(Captioned web images)

*** Block opens ***

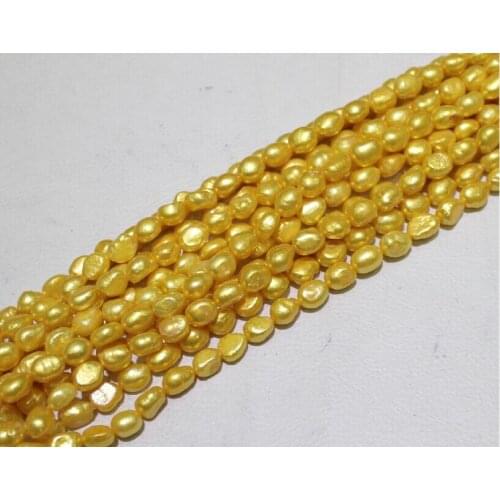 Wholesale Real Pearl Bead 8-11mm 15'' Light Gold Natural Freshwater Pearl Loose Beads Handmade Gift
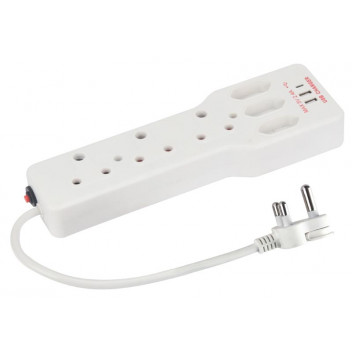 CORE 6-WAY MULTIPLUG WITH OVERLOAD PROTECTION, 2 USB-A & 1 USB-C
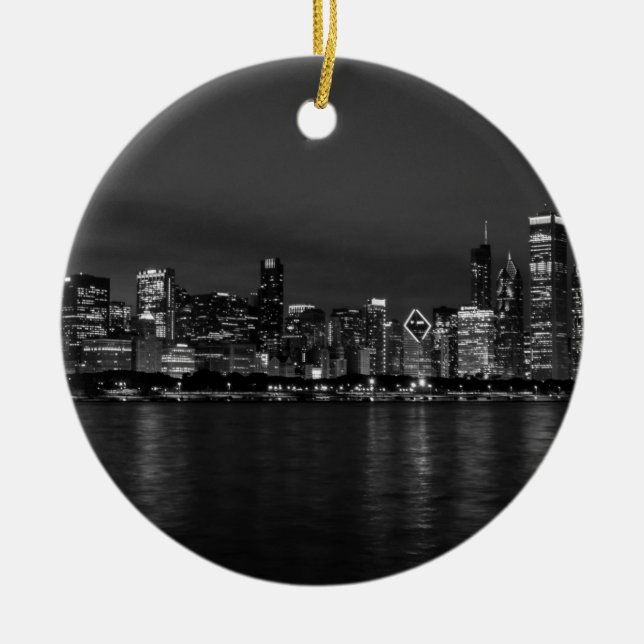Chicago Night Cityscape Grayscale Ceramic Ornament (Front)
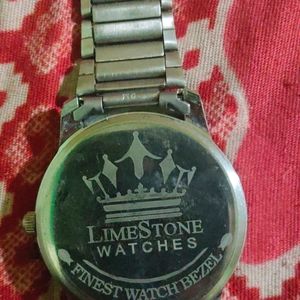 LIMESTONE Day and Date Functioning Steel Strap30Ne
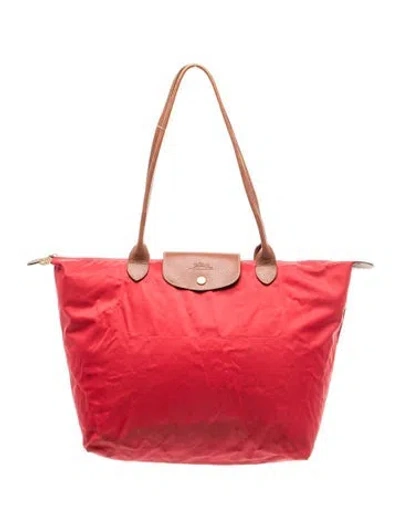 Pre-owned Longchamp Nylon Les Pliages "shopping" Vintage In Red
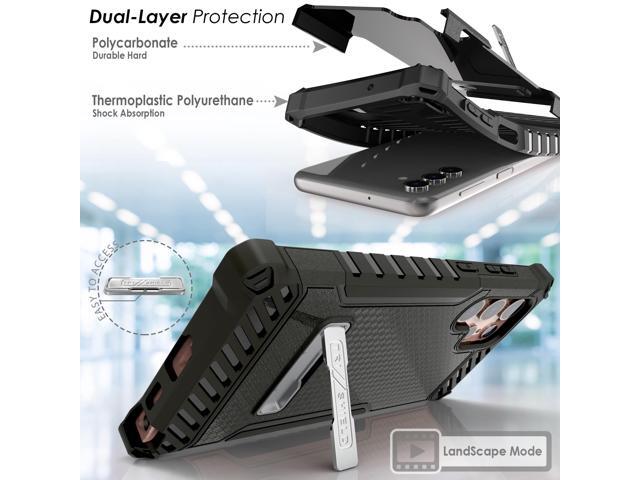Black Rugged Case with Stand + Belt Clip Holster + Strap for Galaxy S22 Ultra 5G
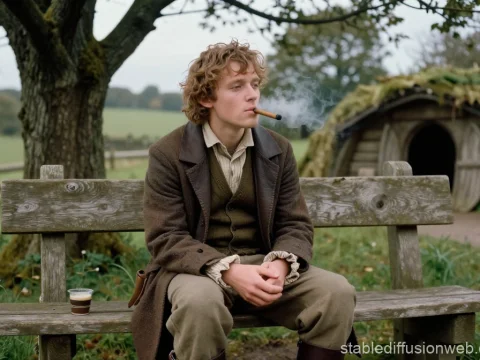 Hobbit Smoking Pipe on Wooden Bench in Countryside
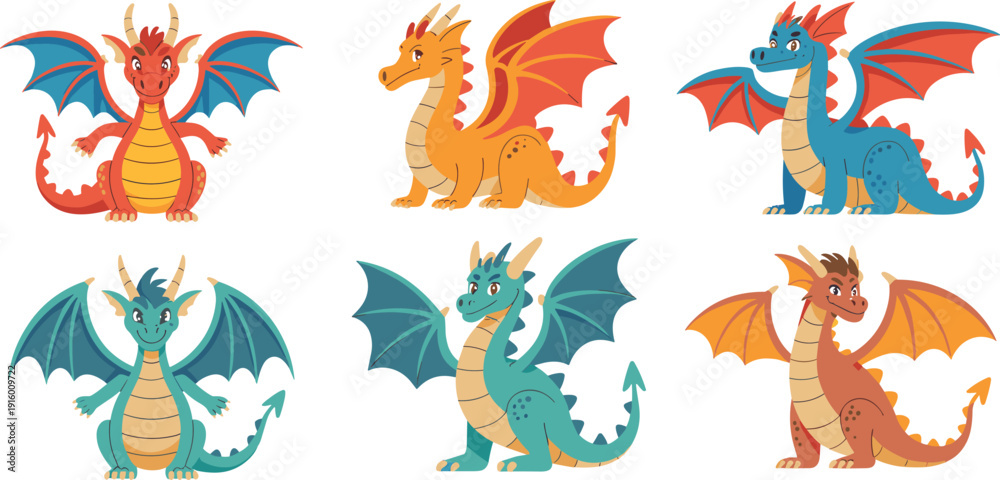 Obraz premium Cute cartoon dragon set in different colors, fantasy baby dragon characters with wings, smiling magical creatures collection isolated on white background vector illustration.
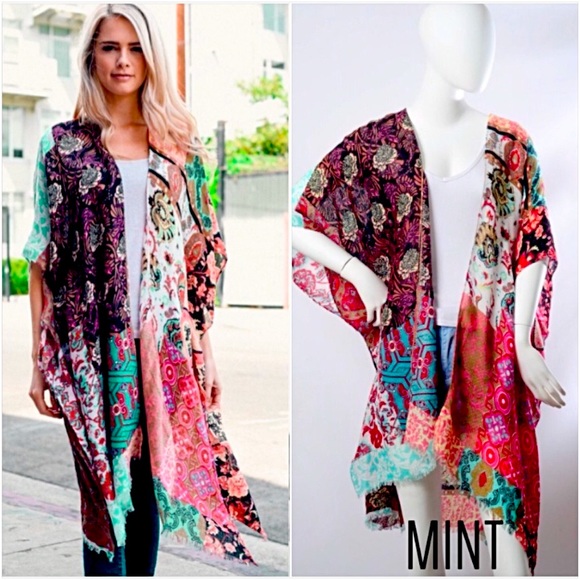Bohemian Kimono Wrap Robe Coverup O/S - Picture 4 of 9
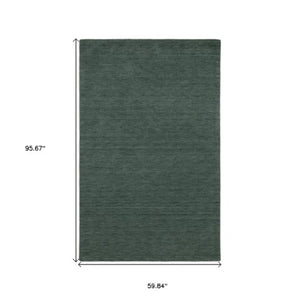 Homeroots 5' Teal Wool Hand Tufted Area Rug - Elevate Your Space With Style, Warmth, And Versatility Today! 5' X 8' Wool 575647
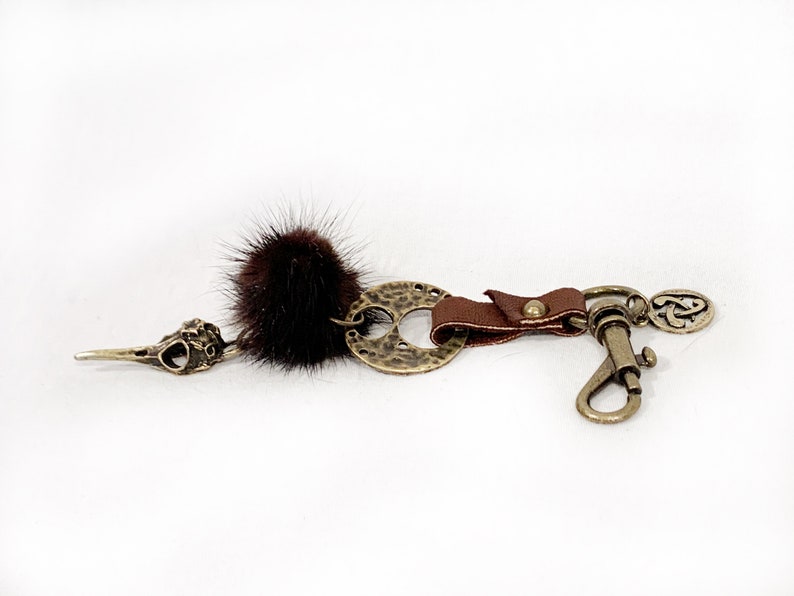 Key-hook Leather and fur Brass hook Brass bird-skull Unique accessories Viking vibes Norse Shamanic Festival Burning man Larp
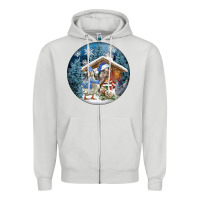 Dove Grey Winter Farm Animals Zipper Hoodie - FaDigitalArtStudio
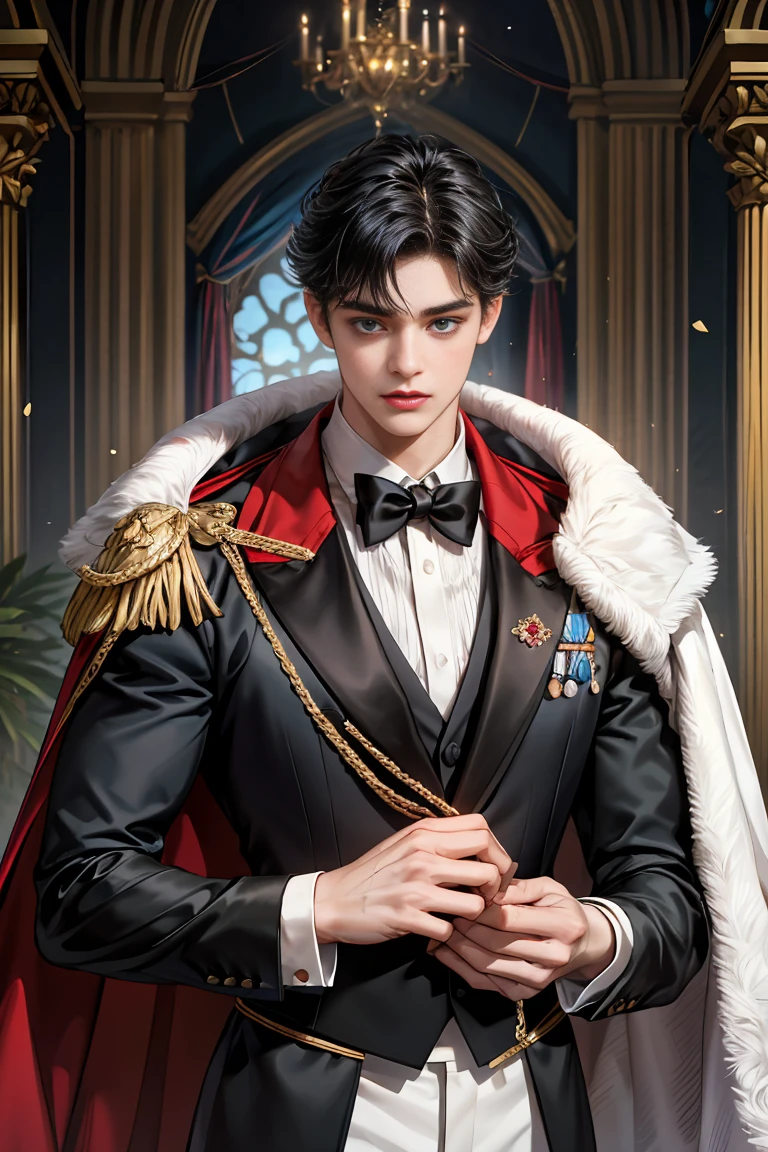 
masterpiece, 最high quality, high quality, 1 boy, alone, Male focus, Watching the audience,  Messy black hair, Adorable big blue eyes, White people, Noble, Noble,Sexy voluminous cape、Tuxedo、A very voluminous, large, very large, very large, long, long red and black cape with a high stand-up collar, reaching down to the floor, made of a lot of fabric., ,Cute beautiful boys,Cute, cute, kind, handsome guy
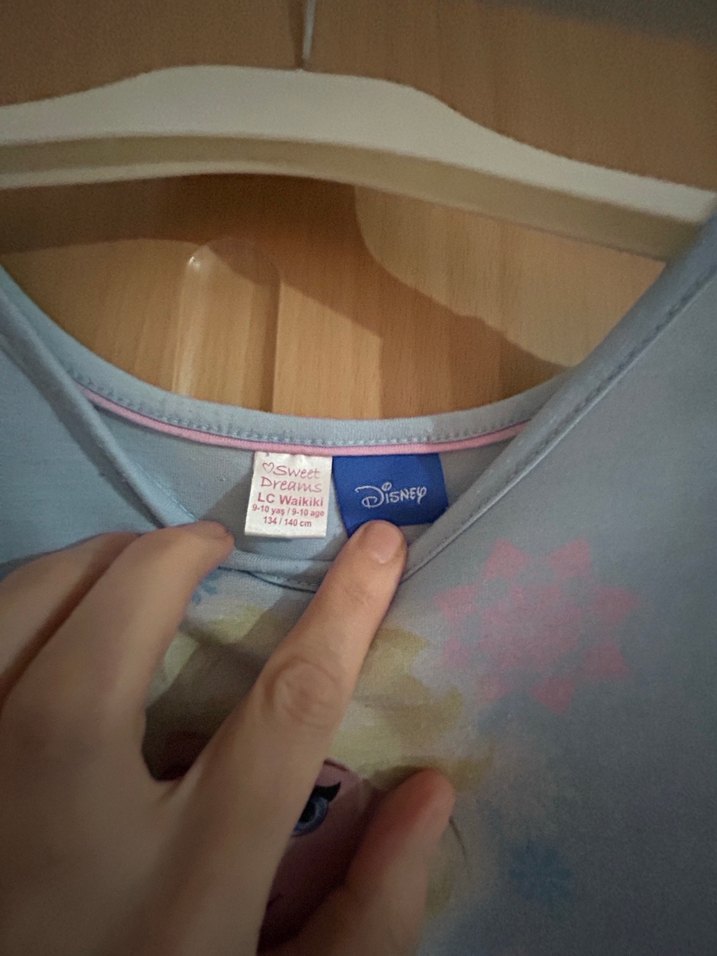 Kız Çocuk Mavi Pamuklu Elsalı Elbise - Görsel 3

*** Block closes ***

## Directions for this task
Your reply should give again exactly the lines from the one with "Black Rugged Case" through the last line of the data, with both ends included and pictures left out.

## Task solution
Black Rugged Case with Stand + Belt Clip Holster + Strap for Galaxy S22 Ultra 5G
 Hobbit Smoking Pipe on Wooden Bench in Countryside
 Obraz premium Cute cartoon dragon set in different colors, fantasy baby dragon characters with wings, smiling magical creatures collection isolated on white background vector illustration.
Bohemian Kimono Wrap Robe Coverup O/S - Picture 4 of 9
 Homeroots 5' Teal Wool Hand Tufted Area Rug - Elevate Your Space With Style, Warmth, And Versatility Today! 5' X 8' Wool 575647
 Key-hook Leather and fur Brass hook Brass bird-skull Unique accessories Viking vibes Norse Shamanic Festival Burning man Larp
 Dove Grey Winter Farm Animals Zipper Hoodie - FaDigitalArtStudio
masterpiece, 最high quality, high quality, 1 boy, alone, Male focus, Watching the audience,  Messy black hair, Adorable big blue eyes, White people, Noble, Noble,Sexy voluminous cape、Tuxedo、A very voluminous, large, very large, very large, long, long red and black cape with a high stand-up collar, reaching down to the floor, made of a lot of fabric., ,Cute beautiful boys,Cute, cute, kind, handsome guy
 Kız Çocuk Mavi Pamuklu Elsalı Elbise - Görsel 3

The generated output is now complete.